The next step after finding out you need surgery is to meet with your surgeon. The purpose of this meeting is to talk about what will be done and of course when the surgery will take place. As it stood I was going to need bypass surgery, the valve may or may not be taken care of and there didn't seem to be a great urgency as long as it happened within the next 2 months.
I'm very fortunate to live in a city that has a heart specialization institute like the OHI. That means that the place is jammed packed with heart specialists, researchers, high-end nurses an rehabilitation specialists. Little did I know that the surgeon recommended by my cardiologist was "da Man" when it comes to valves, and heart surgery in general. Our meeting with the doctor was scheduled for late January.
I didn't know much about the surgeon except that he was a valve specialist. As it turns out the guy was the chief of surgery at the OHI and very reputable in valves. As I mentioned earlier the bypass part of the surgery was a given, but the way we were going to deal with valve hadn't been decided yet. For valve treatment there are 3 options: (1) a prosthetic valve, which is completely mechanical and has a life span of 10 to 25 years; (2) a tissue valve, which is made for pig tissue and has a life span of 5 to 15 years; and (3) a transplant valve, which comes from cadaver. The 3rd option is pretty rare given the requirement of a good match and timing of a donor. The doctor explained that the ecocardiogram, the CT and the angiogram indicated that there was significant valve calcification and malformation. He recommended that we deal with the valve at the same time as the bypass.
As each option was explained to me, the big difference comes down to quality of life after the operation. A mechanical valve has a long lifespan and is typically the default choice for people my age however there is a requirement to use blood thinners for the rest of your life. In short, if you're on blood thinners there is a requirement to visit a blood clinic bi-weekly for testing and adjustment of the medication formula as well any time you get hurt (cut or bruise) you may have to go to the hospital to get the bleeding to stop. The tissue valve has a shorter lifespan, but life goes on normally. For me the choice was simple; I lead a pretty active life that includes travel and lots of wilderness activity. The idea of being super careful about cuts and bruises as well as going to a clinic for tests every two weeks was not so popular. I talked it over with M. and tissue valve was the decision. The only drawback with the tissue valve is that with current technology I would be going in for more surgery in 5 to 15 years to change the valve again. I felt that was acceptable especially with some of the improvements being made in heart surgery where they no longer open the chest and some advancements contemplating working on beating hearts. To me, at 37 years old, I wanted to continue living a regular life.
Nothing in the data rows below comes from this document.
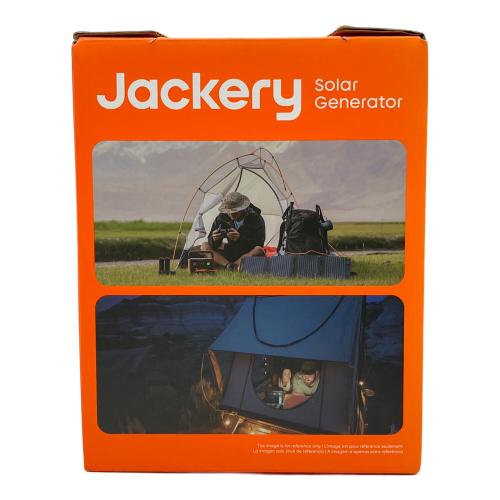 Jackery (ジャクリ) ポータブル電源 EXPLORER 300 Plus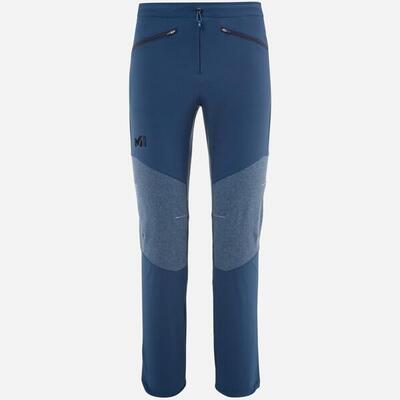 Pantaloni Alpinismo Uomo FUSION XCS PANT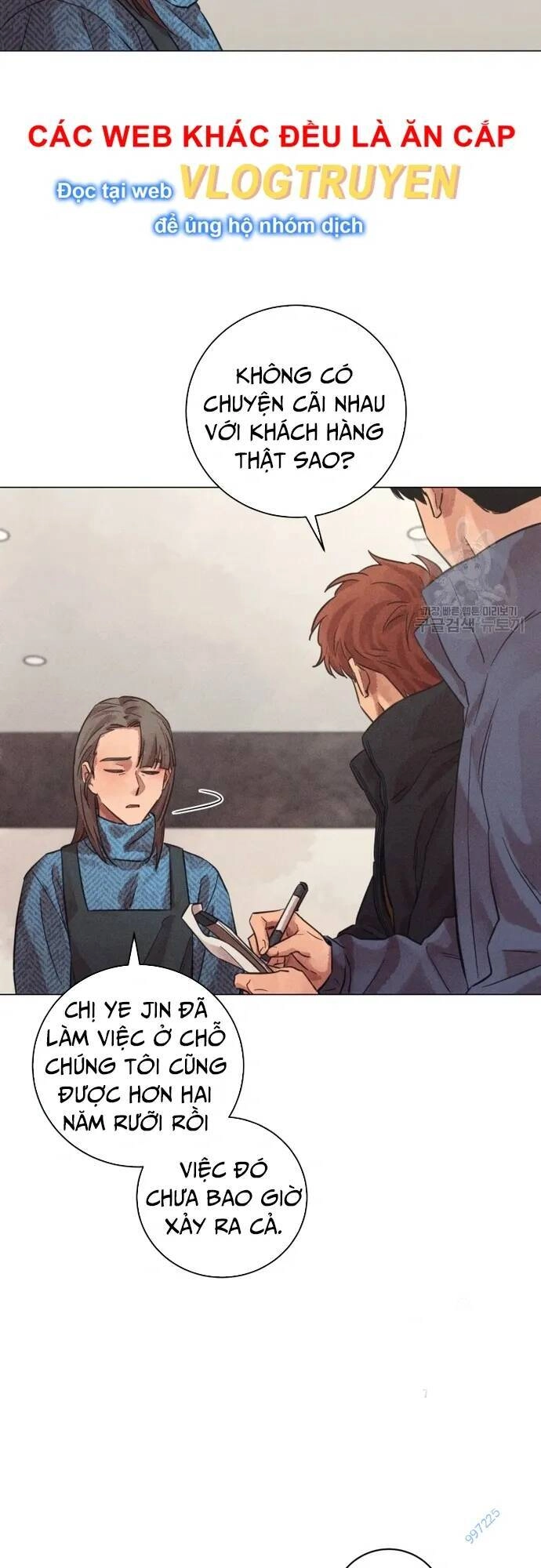 Phỏng Vấn Sát Nhân Chapter 40 - 29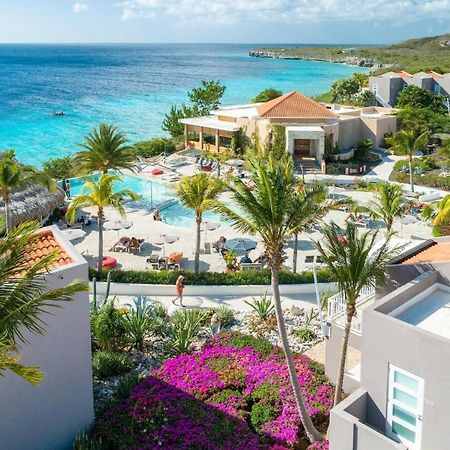 Coral Estate Luxury Resort Willibrordus Екстер'єр фото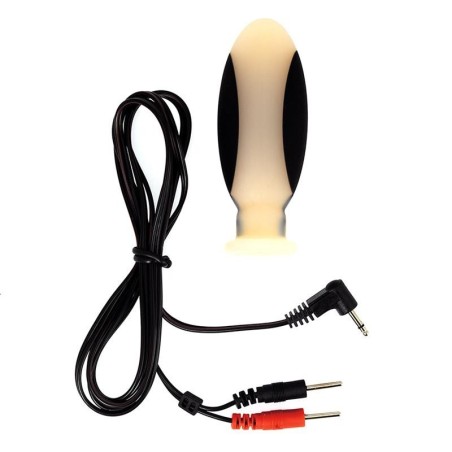 Plug Anal silicone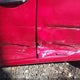 KMHCT4AE6HU298933 2017 Hyundai Accent Se auction photo thumbnail 6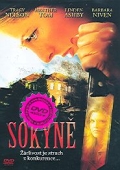 Sokyně [DVD] (Rival)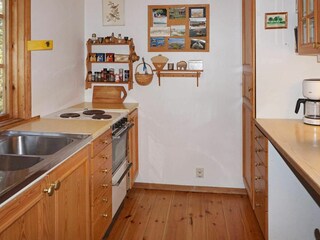 Casa de vacaciones Blankaholm  13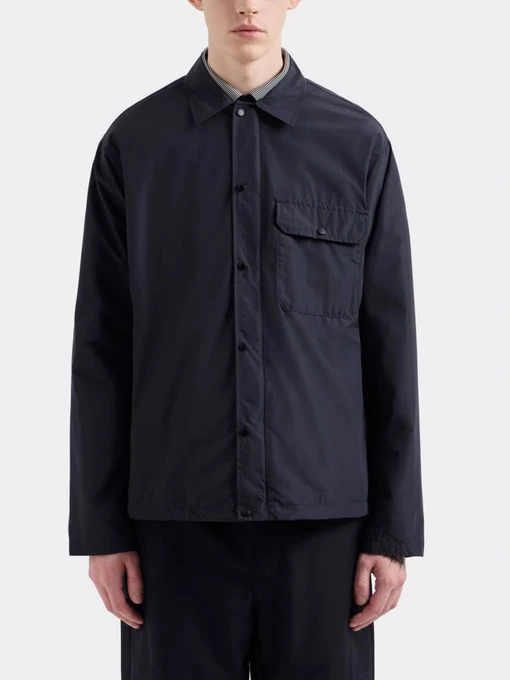 Куртки та дублянки Armani Exchange модель XM000209-AF12012-UB101 Фото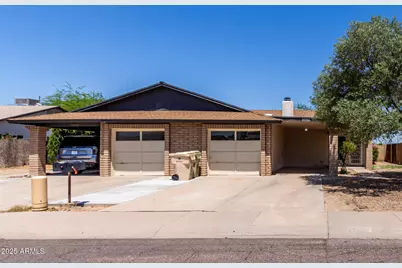13041 N 51st Drive, Glendale, AZ 85304 - Photo 1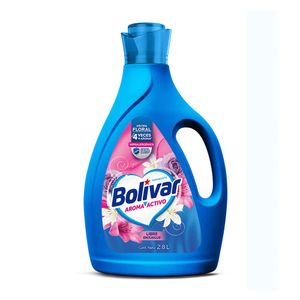 Suavizante Bolivar 2.8 litros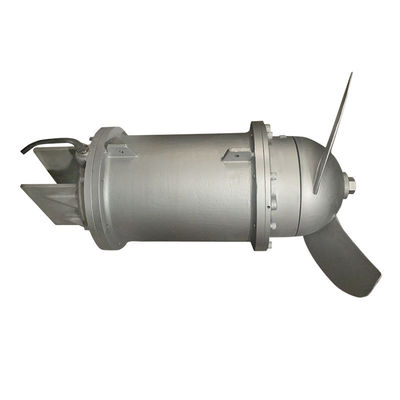 Good price Submersible Mixer Pump with F Insulation Class and IP68 Protection Grade online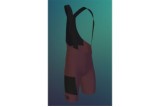 CULOTTE AERO GRAVITY GRANA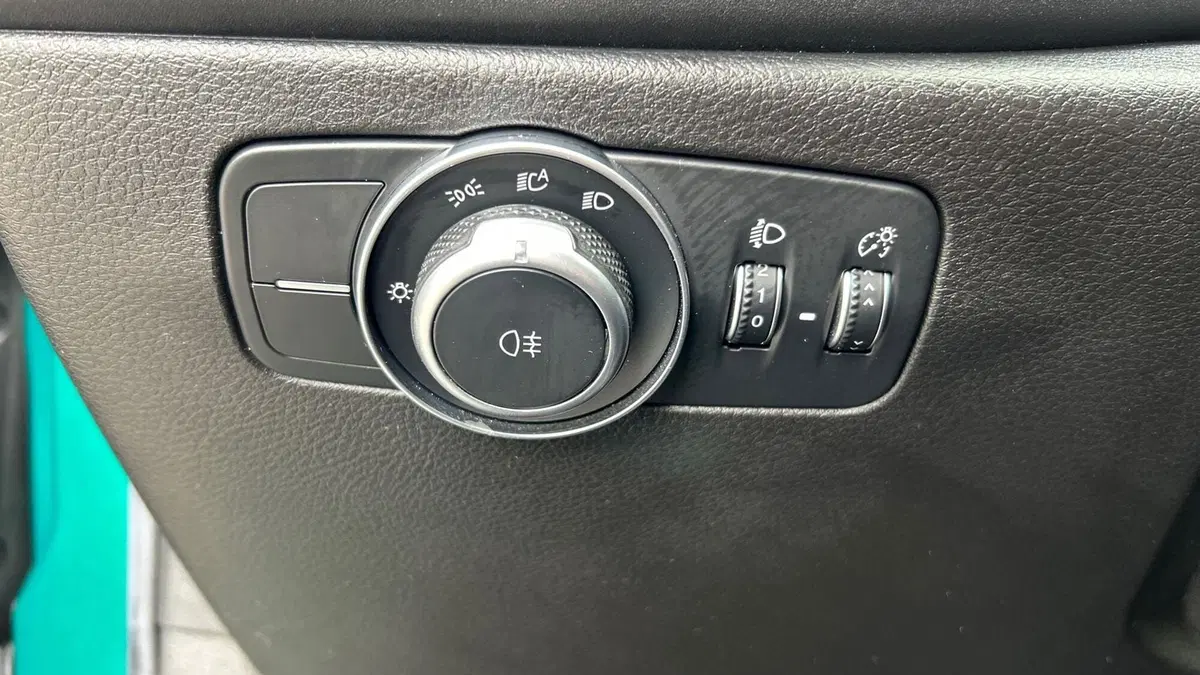 Alfa Romeo Tonale usata a Padova (20)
The last big item was the date of the operation. Personally, I was ready for any time, but as it turned out the surgeon was a pretty busy guy and we scheduled the surgery date for March 5. This ended up being ideal for me because it would give me the time to inform people, transition the management of the business over to the team, get my life together and rest a bit before operation.
An interesting sub note is the doctor mentioned, almost in passing, "we'll really only know for sure what we're going to do when we get in there". I figured it was just one of those CYA things doctors say in case its worse than expected.